▸ **What you need to do**:
The answer is an exact copy of the lines from the one with "Bernieres-sur-Mer Apartment |" to the end of the listing below, pictures left out.

===

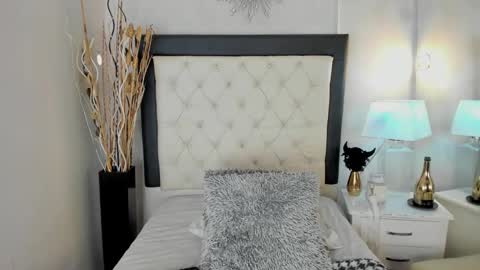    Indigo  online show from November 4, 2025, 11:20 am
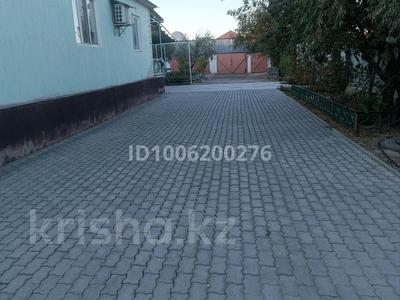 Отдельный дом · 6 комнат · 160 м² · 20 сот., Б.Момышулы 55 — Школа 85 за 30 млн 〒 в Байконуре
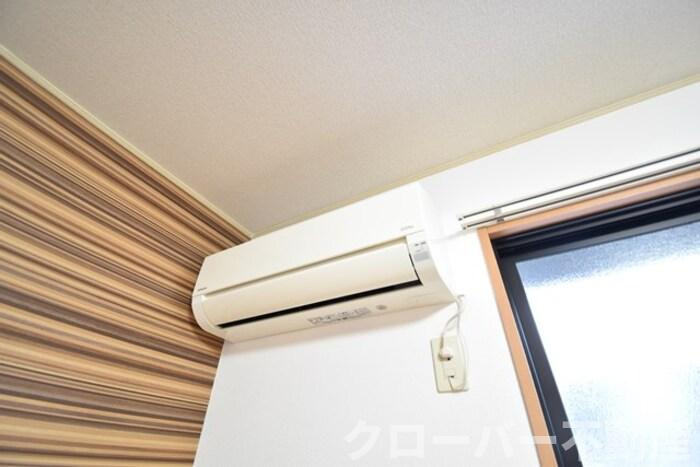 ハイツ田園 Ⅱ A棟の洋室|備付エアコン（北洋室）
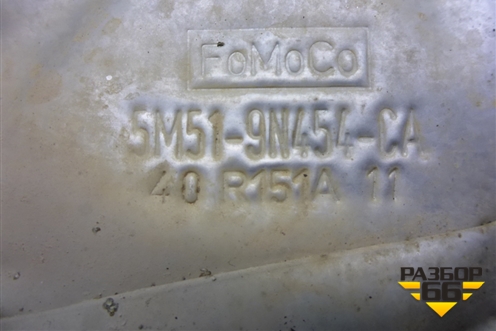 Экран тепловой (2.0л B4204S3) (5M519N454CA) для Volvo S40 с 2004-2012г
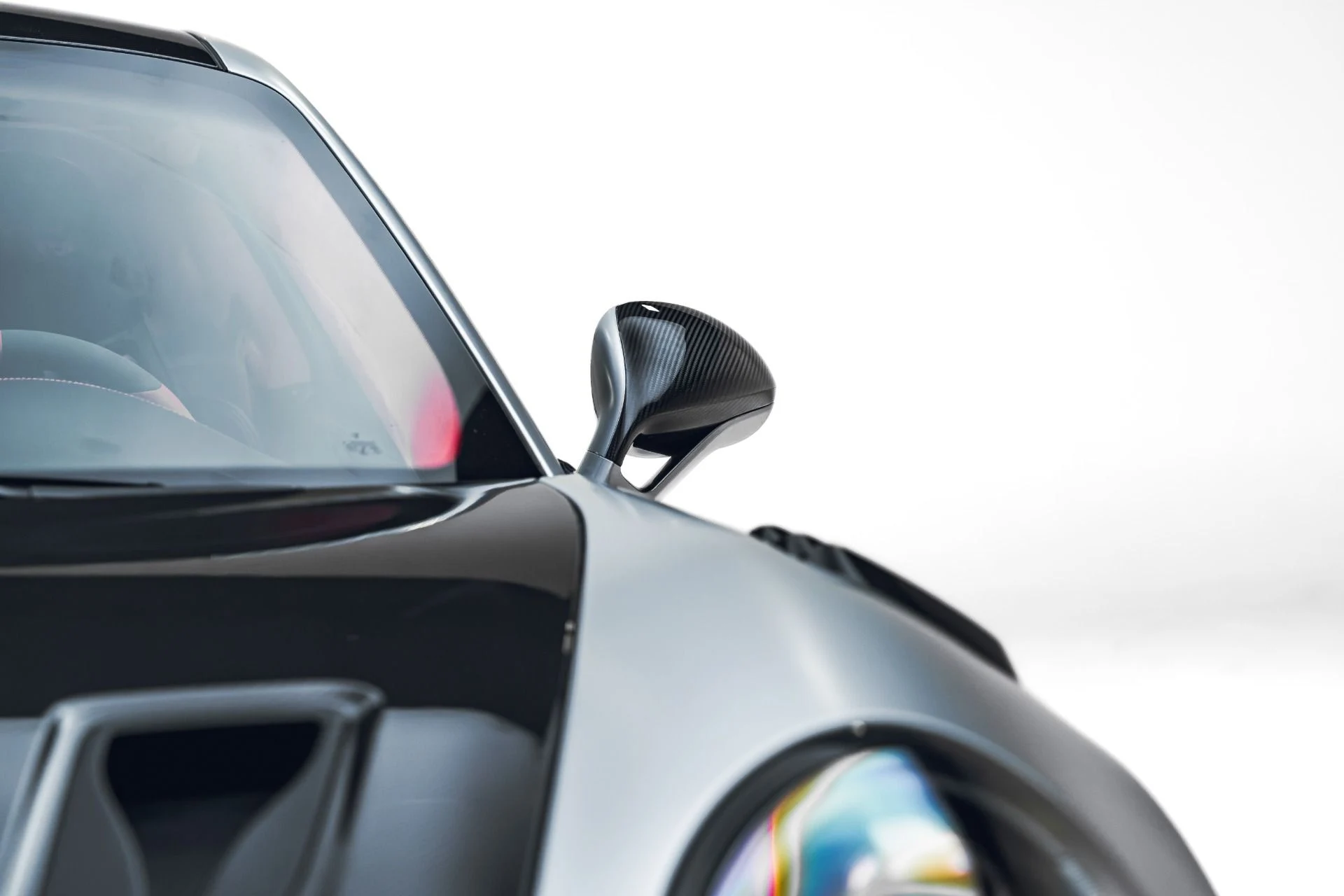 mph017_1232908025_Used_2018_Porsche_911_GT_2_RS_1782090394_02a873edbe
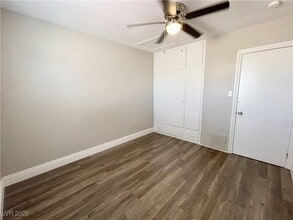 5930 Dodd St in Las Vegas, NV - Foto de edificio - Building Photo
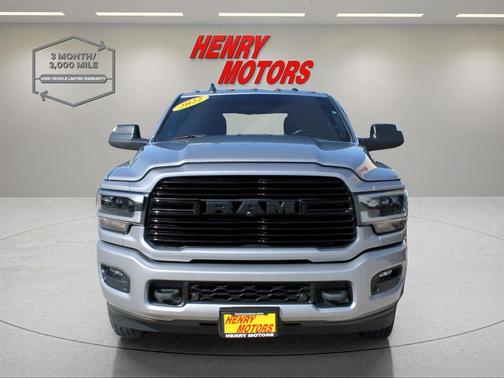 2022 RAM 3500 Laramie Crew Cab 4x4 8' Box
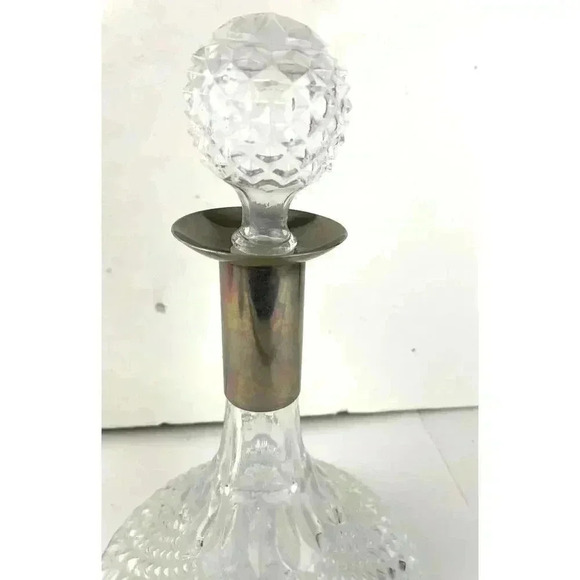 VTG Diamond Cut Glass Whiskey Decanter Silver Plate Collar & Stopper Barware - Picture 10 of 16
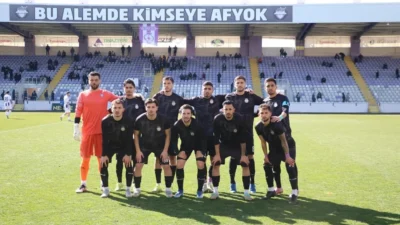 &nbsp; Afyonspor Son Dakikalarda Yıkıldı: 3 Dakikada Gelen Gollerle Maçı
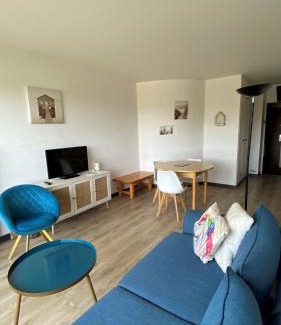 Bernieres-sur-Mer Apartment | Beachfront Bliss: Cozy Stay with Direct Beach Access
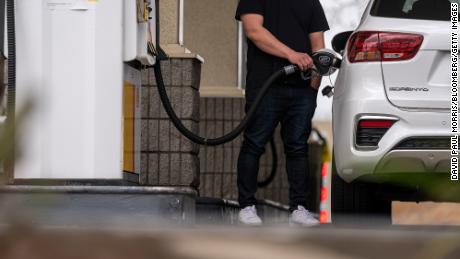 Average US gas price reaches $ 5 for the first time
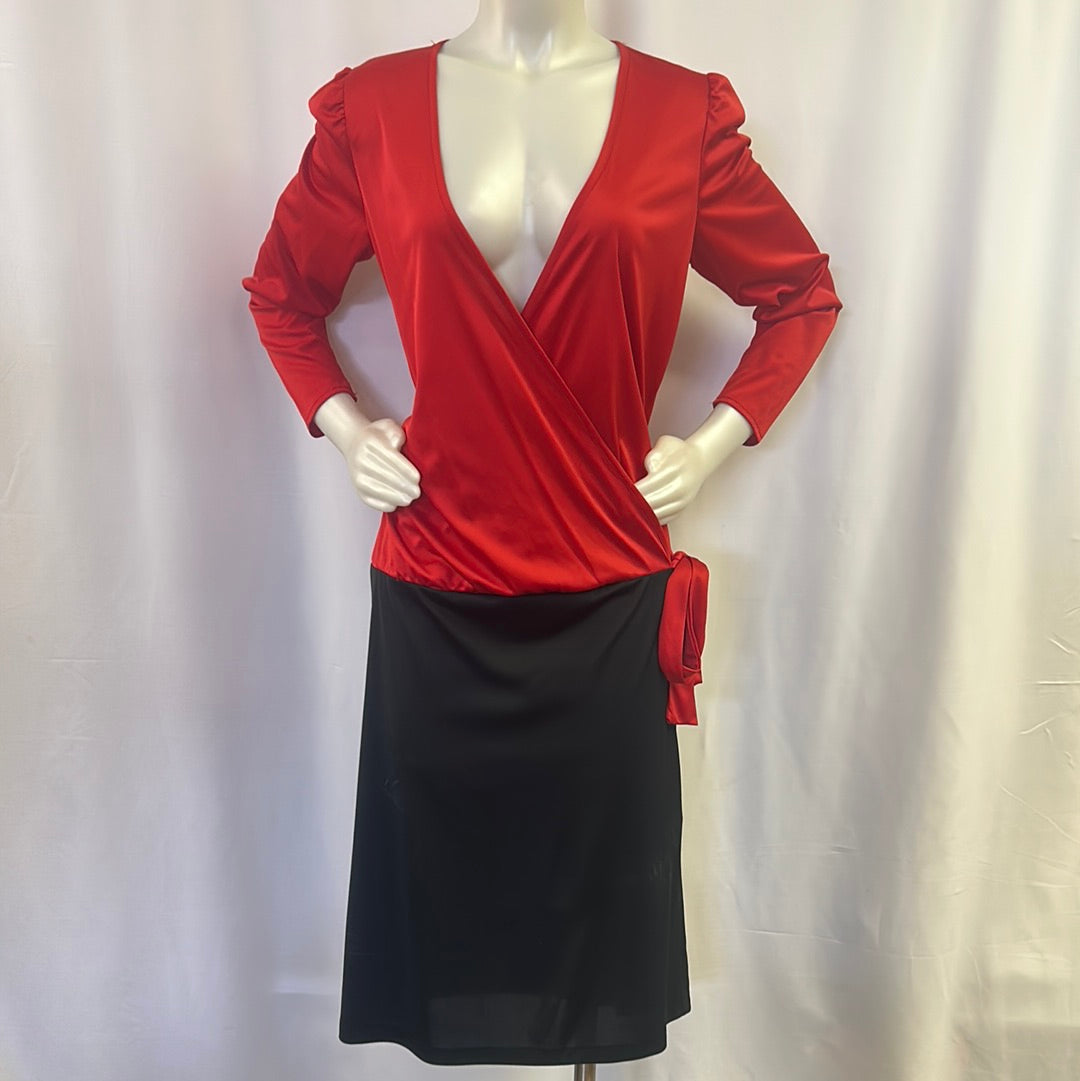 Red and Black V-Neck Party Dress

===

▸ **Answer to this task**:
 Bernieres-sur-Mer Apartment | Beachfront Bliss: Cozy Stay with Direct Beach Access
 Average US gas price reaches $ 5 for the first time
 Red and Black V-Neck Party Dress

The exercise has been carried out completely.